Working at a Jesuit university, I must say that St. Ignatius of Loyola, the founder of the Jesuits whose feast day is celebrated on July 31, is never far from mind. This is especially true at the moment, as the Society of Jesus celebrates the “Ignatian Year,” commemorating the 500th anniversary of St. Ignatius’s famous conversion from a hardened soldier to a religious leader after his leg was struck by a cannonball in 1521.
Despite my professional associations with St. Ignatius’s legacy, my strongest affinity with this model of faith is actually much more personal. In 2009–2010, I completed the Nineteenth Annotation, a guided version of St. Ignatius’s famous Spiritual Exercises that takes place over a 30-week retreat instead of the original 30-day version.
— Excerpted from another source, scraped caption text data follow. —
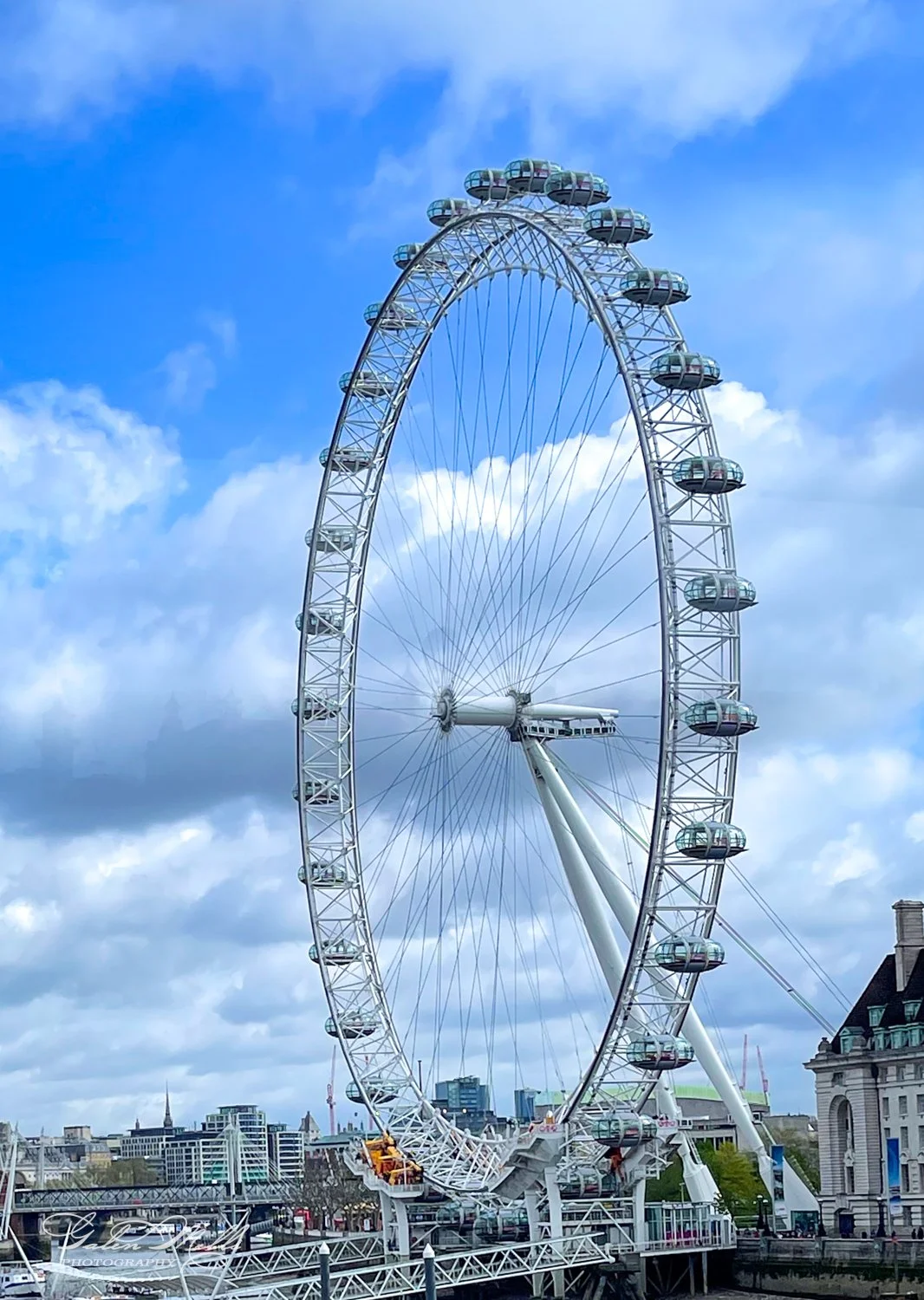 Large Ferris wheel against a blue sky with clouds, cityscape in the background.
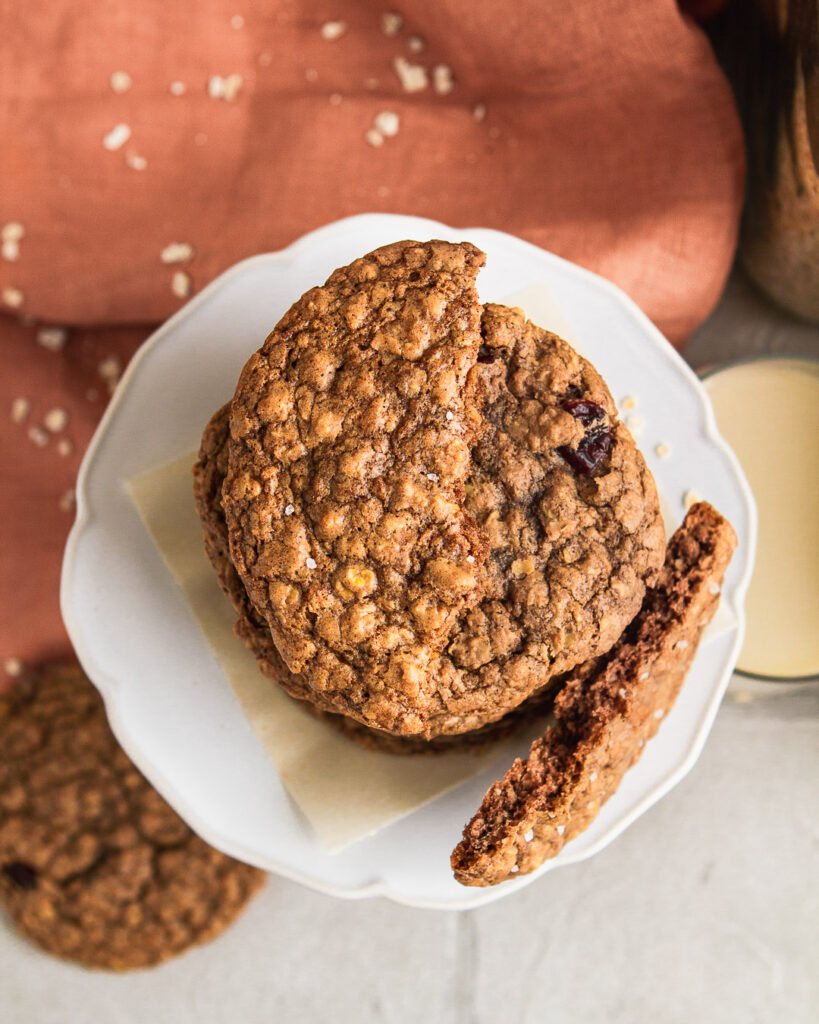 A stack of crispy oatmeal date cookies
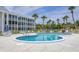 Kidney-shaped community pool with lounge chairs at 100 The Esplanade N # 1, Venice, FL 34285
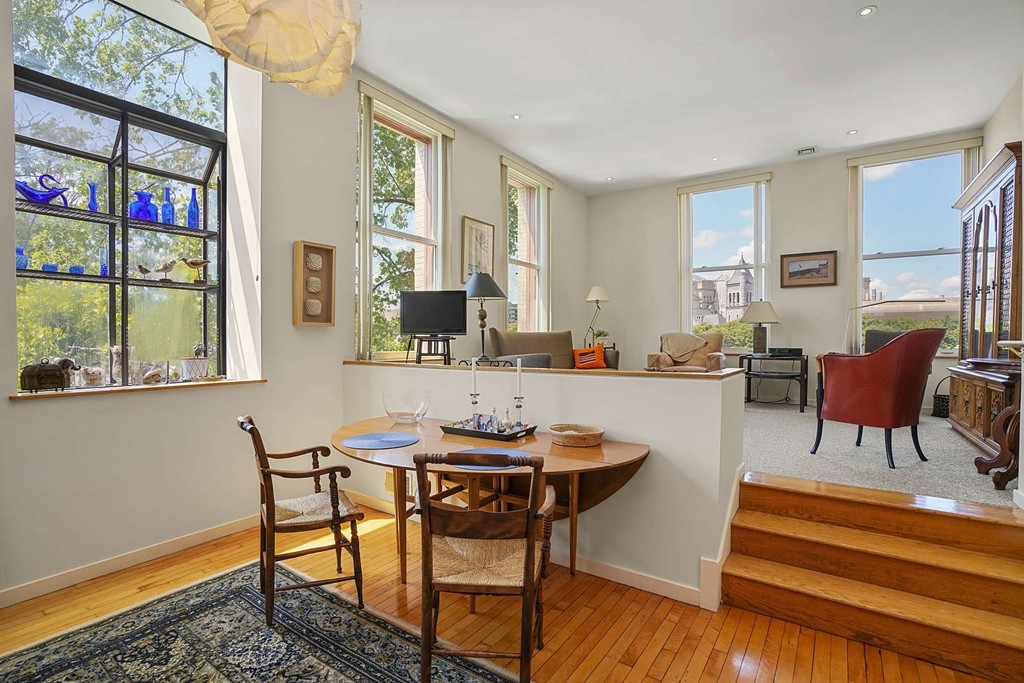 145 St Botolph Street, Unit 21 Boston, MA 02115 - Photo 5 of 23 a living room with furniture and a floor to ceiling window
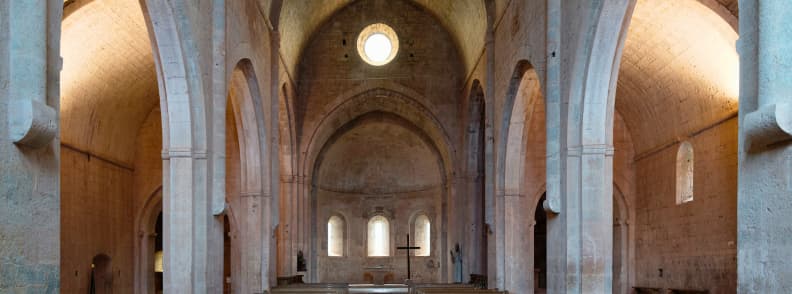 Romanesque Nave of Abbaye du Thoronet Historic Monastery Provence Central nave of Abbaye du Thoronet in Provence with high vaulted arches, round clerestory window, and simple stone altar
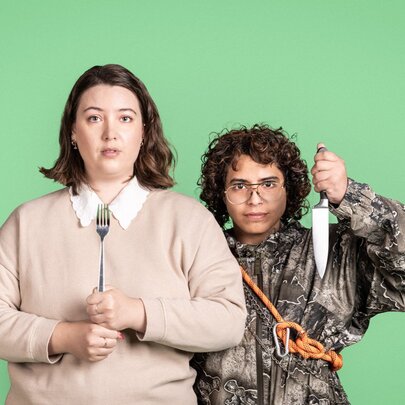 Two individuals posing in front of a solid green background, one holding a fork, the other holding a chef's knife. 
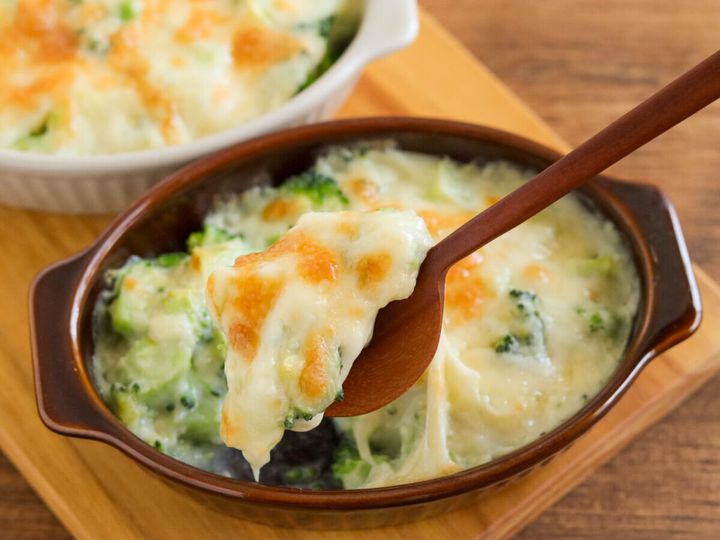 茶色のグラタン皿のブロッコリーグラタンを木のスプーンですくいチーズがとろりと伸びている様子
Like most participants, I found this “Ignatian Retreat in Daily Life” a significant spiritual experience, and as a result my strongest connection to St. Ignatius is really through his legacy as a spiritual leader.
On the basis of this association, the piece of the readings for St. Ignatius’s feast that creates the most direct connection to the saint for me is actually the responsorial psalm. “May God have pity on us and bless us; may he let his face shine upon us. So may your ways be known upon earth,” Psalm 67 proclaims. That last element, “So may your ways be known upon earth,” strikes me as the essential element of St. Ignatius’s spiritual mission.
Long before he founded the religious order that keeps his legacy alive today, Ignatius devoted his life to God with the hope that he would be able to help more people discover how God was at work in their own lives, directly. This was the point of his Spiritual Exercises, and a conviction that led to some significant turmoil for Ignatius when he was alive as the authorities of his day feared such a personal emphasis on discernment would leave individual Catholics aloof from the Church. Yet he was really stressing a fundamental Catholic claim, namely that God is active in the world and that we have a responsibility to discern how God is calling us.
The point of Ignatius’s life’s work, the very reason that gave rise to the Jesuits, can be characterized by this point of the Psalm: So may God’s ways be known upon the earth and have a real impact in people’s lives.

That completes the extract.